使用视觉注意力生成图像描述

在 TensorFlow.org 上查看

在 Google Colab 中运行

在 GitHub 上查看源代码

下载笔记本

给定一个类似以下示例的图像，我们的目标是生成一个类似“一名正在冲浪的冲浪者”的描述。

一个冲浪的人，来自 Wikimedia

此处使用的模型架构的灵感来自 Show, Attend and Tell: Neural Image Caption Generation with Visual Attention，但已更新为使用 2 层 Transformer 解码器。要充分利用本教程，您应该对文本生成、seq2seq 模型和注意力或 Transformer 有一定的经验。

本教程中构建的模型架构如下所示。从图像中提取特征，并传递到 Transformer 解码器的交叉注意力层。

模型架构

Transformer 解码器主要由注意力层构建。它使用自注意力处理正在生成的序列，并使用交叉注意力处理图像。

通过检查交叉注意力层的注意力权重，您将看到模型在生成单词时正在查看图像的哪些部分。

Prediction

此笔记本是一个端到端示例。当您运行此笔记本时，它会下载数据集、提取和缓存图像特征，并训练解码器模型。随后，它会使用该模型在新的图像上生成描述。

安装

apt install --allow-change-held-packages libcudnn8=8.1.0.77-1+cuda11.2

pip uninstall -y tensorflow estimator keras

pip install -U tensorflow_text tensorflow tensorflow_datasets

pip install einops

本教程使用大量导入，主要用于加载数据集。

import concurrent.futures
import collections
import dataclasses
import hashlib
import itertools
import json
import math
import os
import pathlib
import random
import re
import string
import time
import urllib.request

import einops
import matplotlib.pyplot as plt
import numpy as np
import pandas as pd
from PIL import Image
import requests
import tqdm

import tensorflow as tf
import tensorflow_hub as hub
import tensorflow_text as text
import tensorflow_datasets as tfds

[可选] 数据处理

本部分下载描述数据集并为训练做准备。
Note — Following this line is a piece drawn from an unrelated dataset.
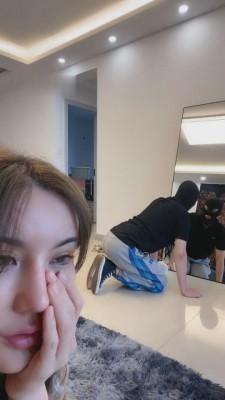 【莉莉丝s】闻鞋闻臭脚+强制圣水泡面 bf12269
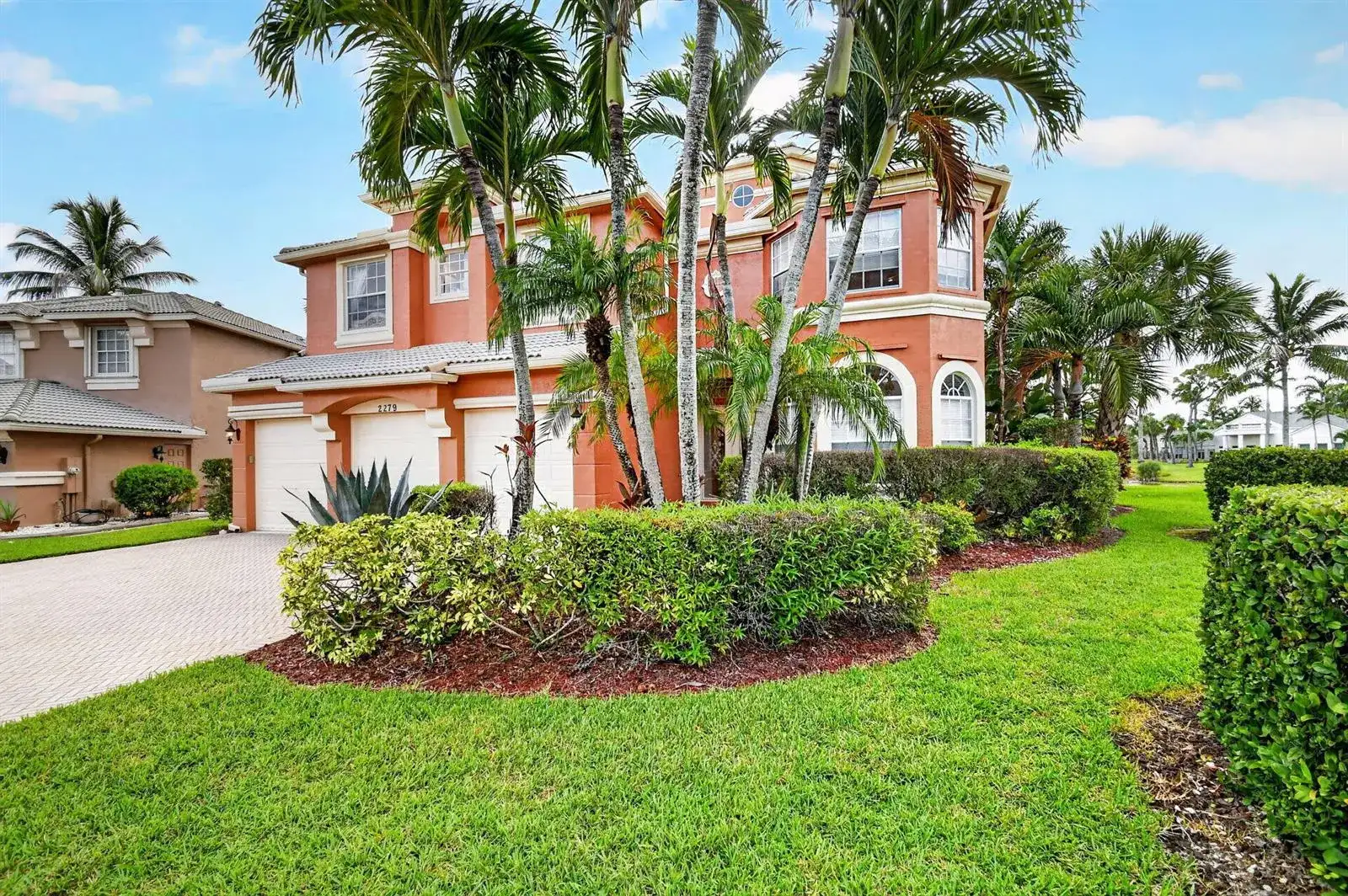 2279 Ridgewood Circle, Royal Palm Beach FL 33411 photo 2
它将输入文本词例化，并缓存通过预训练的特征提取程序模型运行所有图像的结果。理解本部分中的所有内容并不是非常重要。

选择数据集

本教程旨在提供数据集的选择。Flickr8k 或 Conceptual Captions 数据集的一小部分。这两个数据集需要从头开始下载和转换，但是将教程转换为使用 TensorFlow 数据集中可用的描述数据集（Coco Captions 和完整的 Conceptual Captions）并不难。

Flickr8k

def flickr8k(path='flickr8k'):
  path = pathlib.Path(path)

  if len(list(path.rglob('*'))) < 16197:
    tf.keras.utils.get_file(
        origin='https://github.com/jbrownlee/Datasets/releases/download/Flickr8k/Flickr8k_Dataset.zip',
        cache_dir='.',
        cache_subdir=path,
        extract=True)
    tf.keras.utils.get_file(
        origin='https://github.com/jbrownlee/Datasets/releases/download/Flickr8k/Flickr8k_text.zip',
        cache_dir='.',
        cache_subdir=path,
        extract=True)

  captions = (path/"Flickr8k.token.txt").read_text().splitlines()
  captions = (line.split('\t') for line in captions)
  captions = ((fname.split('#')[0], caption) for (fname, caption) in captions)
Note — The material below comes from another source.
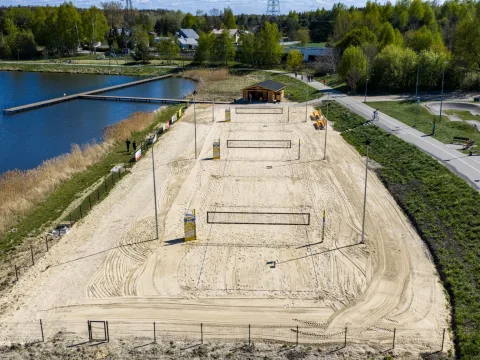 Nowe boiska nad Zalewem Zadębie. Sukces Skierniewickiego Węgla
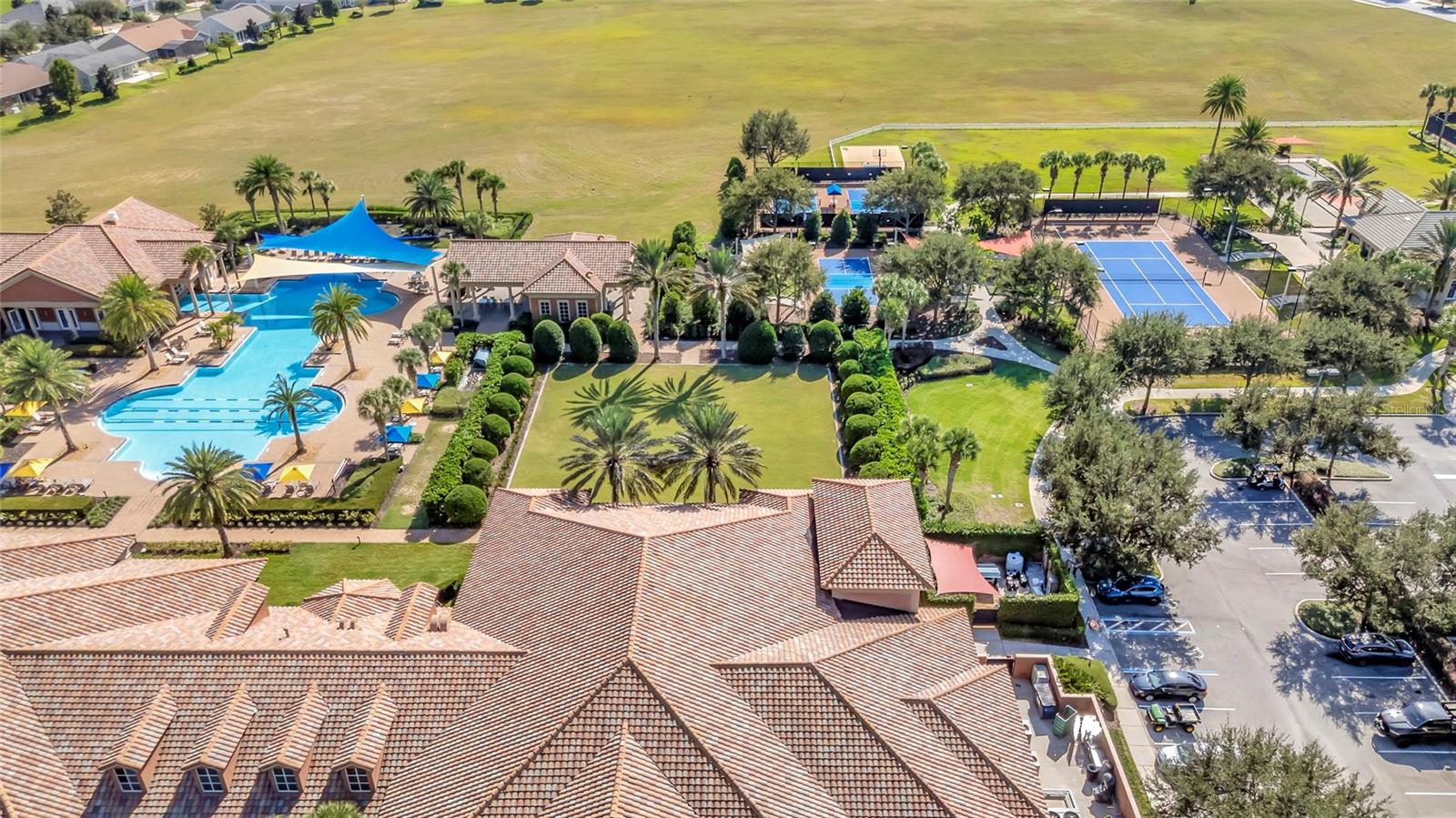 CASCADES/GROVELAND PH 2 - Residential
  cap_dict = collections.defaultdict(list)
  for fname, cap in captions:
    cap_dict[fname].append(cap)

  train_files = (path/'Flickr_8k.trainImages.txt').read_text().splitlines()
  train_captions = [(str(path/'Flicker8k_Dataset'/fname), cap_dict[fname]) for fname in train_files]

  test_files = (path/'Flickr_8k.testImages.txt').read_text().splitlines()
  test_captions = [(str(path/'Flicker8k_Dataset'/fname), cap_dict[fname]) for fname in test_files]

  train_ds = tf.data.experimental.from_list(train_captions)
  test_ds = tf.data.experimental.from_list(test_captions)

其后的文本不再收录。